L’incident le plus meurtrier s’est produit, mardi 9 octobre, quand des chasseurs de l’armée de l’air ont largué des bombes sur le village d’Ipi – village d’origine du Faqir d’Ipi, célèbre pour avoir mené un soulèvement contre les troupes britanniques – à quelques kilomètres de la deuxième ville du Nord-Waziristan, Mir Ali.
Selon un habitant du bazar, Sattar Gul, « 70 personnes ont été tuées et environ 200 blessées alors qu’une vingtaine de boutiques sont en ruines ». Le porte-parole de l’armée, le général Waheed Arshad, a confirmé ces frappes aériennes, précisant que les bombardements avaient visé des repères des islamistes. Il a toutefois admis que des civils vivant à proximité avaient pu être atteints. Les journaux pakistanais publient, mercredi, des photos des habitants de Mir Ali fuyant leurs habitations avec ce qu’ils peuvent emporter sur leur dos.

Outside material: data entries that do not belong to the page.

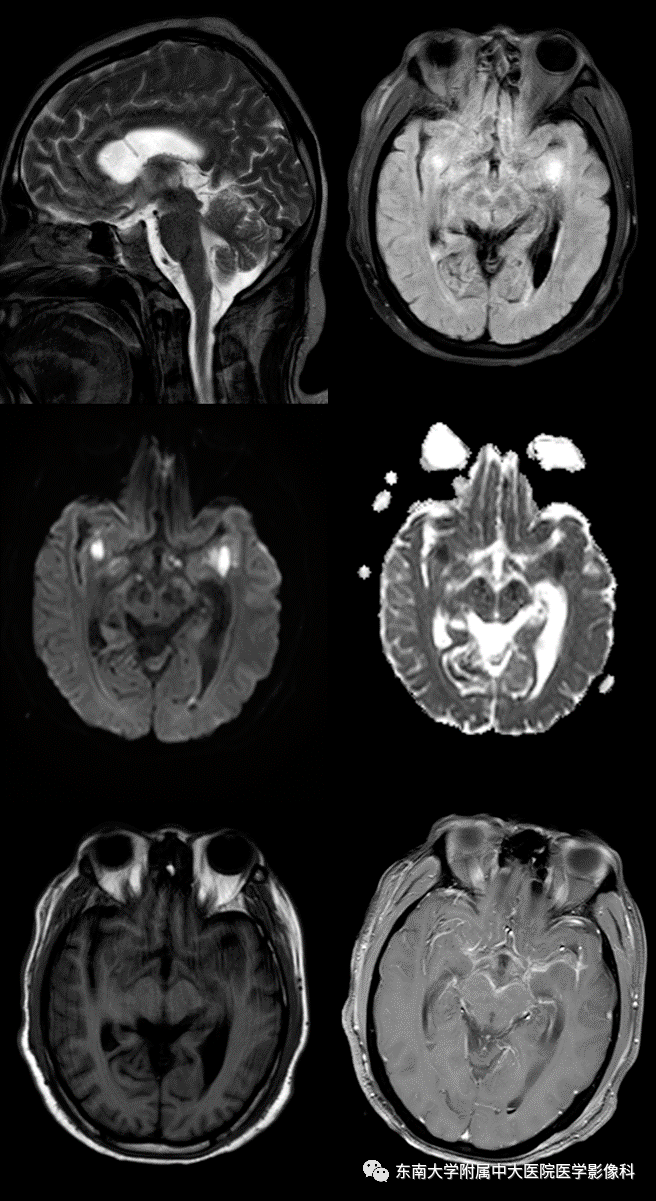 病史 男,44岁,因"头痛20余天,发热13天"入院 mr 平扫 增强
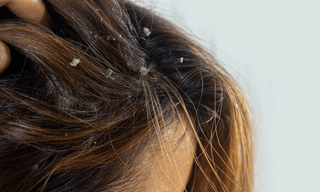 Scalp Psoriasis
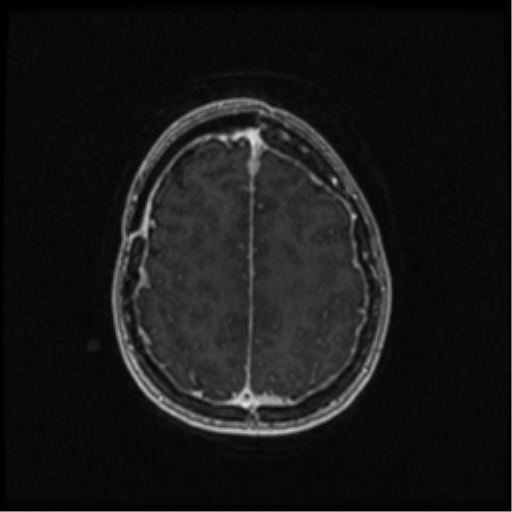 Neurofibromatosis type 2 (Radiopaedia 45229-49244 Axial T1 C+ 91).png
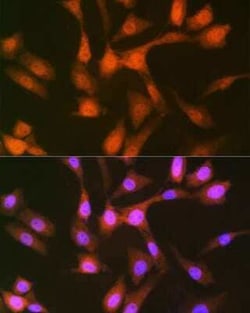 PSMD14 Rabbit anti-Human, Mouse, Rat, Clone: 5V0H3, Novus Biologicals 100 &mu;g | Buy Online | Novus Biologicals | Fisher Scientific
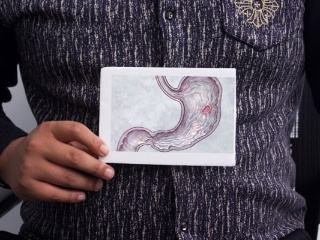 300000000肠胃疾病患者，都忽略了中医的外治技术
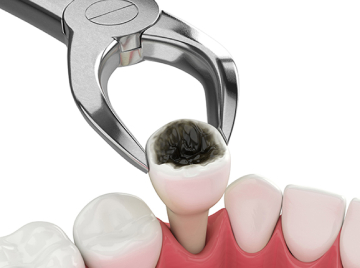 How to Get Rid of a Small Black Spot on Your Molar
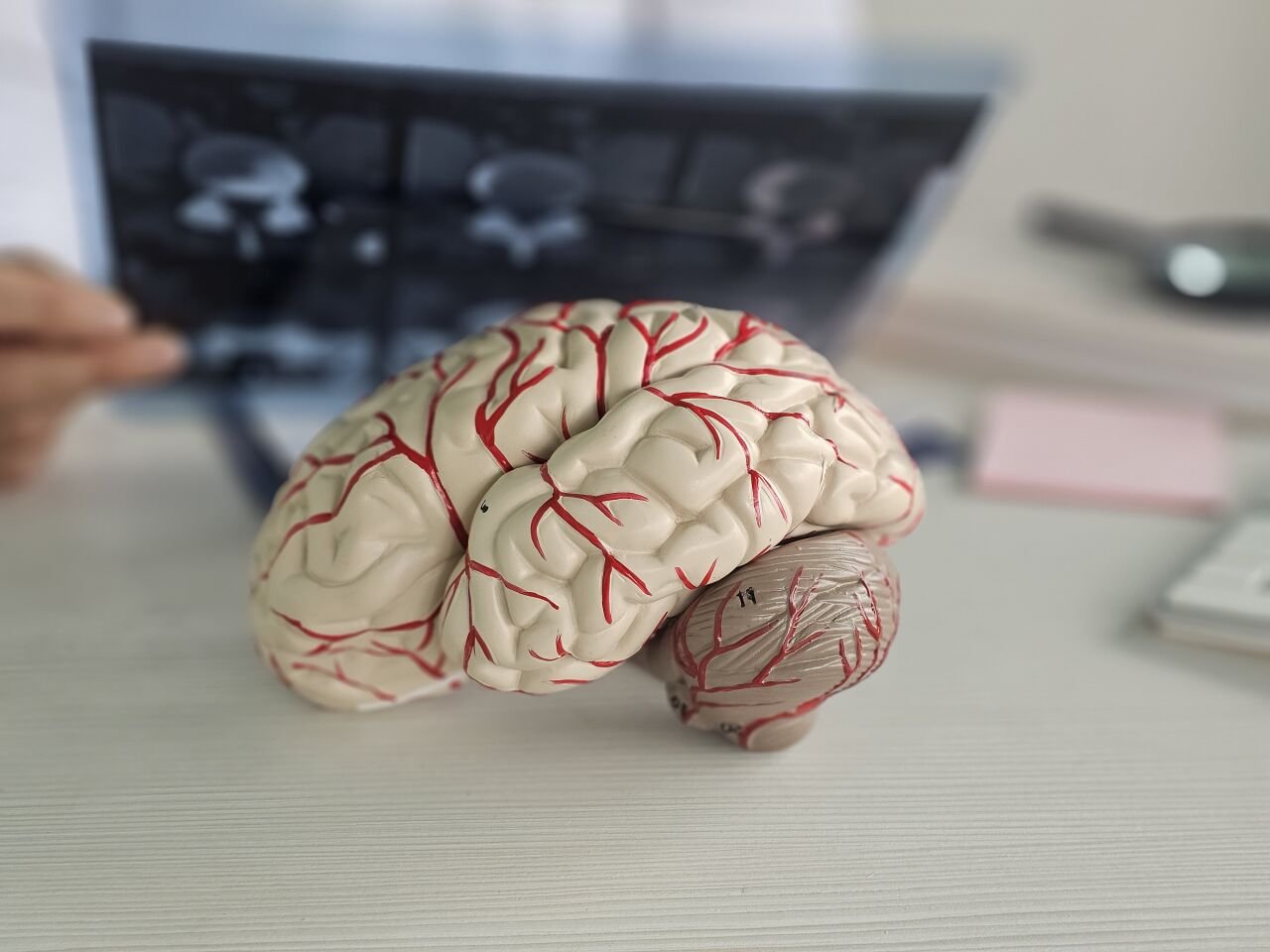 Beyin Sisi Nedir? Belirtileri, Nedenleri ve Bilimsel Çözüm Yolları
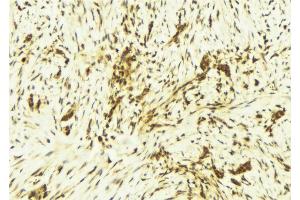 ABIN6269245 at 1/100 staining Human breast cancer tissue by IHC-P. (STAT1 antibody)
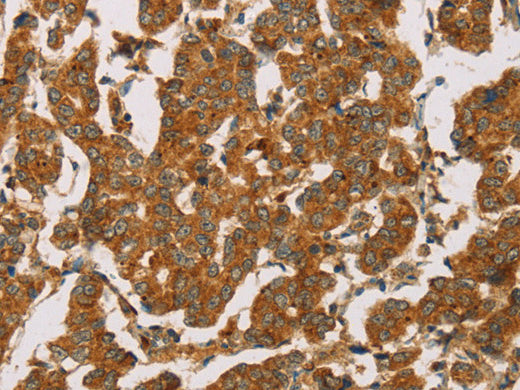 DLL4 Polyclonal Antibody Store at -20°C - MSE Supplies LLC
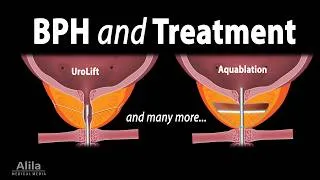 Thumbnail: BPH and Treatment Options (TURP, TUIP, EEP, HoLEP, PUL, UroLift, iTIND, Rezum, Aquablation and PAE)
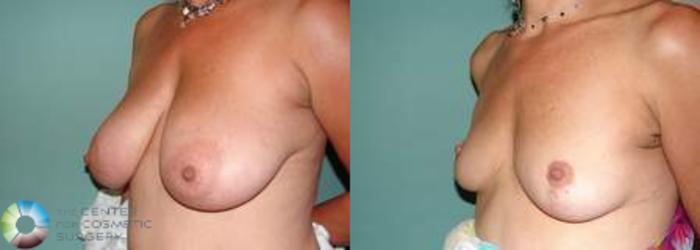 Before & After Breast Lift Case 541 View #2 in Denver and Colorado Springs, CO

« 80 à 90% des familles sont parties. Juste une ou deux personnes restent dans les maisons pour les garder », a affirmé à l’agence de presse britannique Reuters, Sher Khan, un résident de la ville de 50 000 habitants. Signe de la défiance vis-à-vis de l’armée, des résidents de Mir Ali ont utilisé les haut-parleurs de la mosquée pour supplier les soldats de ne pas incendier leurs logements. Selon des habitants, des corps de soldats avec la gorge tranchée gisent abandonnés le long de la route entre Miranshar, capitale du Nord-Waziristan, et Mir Ali.
Les combats qui opposent, dans cette région, l’armée aux islamistes endurcis et bien équipés, soutenus par plusieurs centaines de combattants ouzbeks appartenant au Mouvement islamique d’Ouzbékistan (MIO) dirigé par Tahir Yaldash, avaient repris sur une grande échelle après l’attaque, samedi, d’un convoi militaire. Les forces de sécurité – armée et forces frontalières –, qui ont perdu depuis juillet près de 300 hommes, ont, semble-t-il, décidé de réagir devant les attaques de plus en plus téméraires des insurgés. Ces derniers détiennent, depuis le 30 août, plus de 200 soldats en otages. Le renouveau de la lutte armée est lié à l’assaut par les commandos pakistanais, le 11 juillet, de la mosquée Rouge d’Islamabad qui a fait plus de 100 morts.
LE RÔLE DE WASHINGTON CRITIQUÉ
La plupart des étudiants des madrasas liées à la mosquée Rouge étaient originaires de la province frontalière du nord-ouest et des appels à la vengeance ont immédiatement été lancés. L’assaut contre la mosquée a définitivement enterré les deux accords de paix signés avec les islamistes du Sud-Waziristan en 2005 et du Nord-Waziristan en 2006.
L’armée, sous la pression des Etats-Unis qui accusent périodiquement le Pakistan de ne pas en faire assez contre les talibans et les fidèles d’Al-Qaida, a alors repris des positions abandonnées depuis les accords de paix, déclenchant des accrochages quotidiens qui n’ont cessé d’augmenter en nombre et en ampleur. La férocité des combattants, qui ont mutilé des soldats, brûlé leurs corps, exécuté des otages, a poussé l’armée qui se contentait de se défendre à passer à l’offensive. Toutefois, elle le fait dans des conditions défavorables. Selon de nombreux témoignages, les soldats sont réticents à aller au combat contre leurs frères musulmans.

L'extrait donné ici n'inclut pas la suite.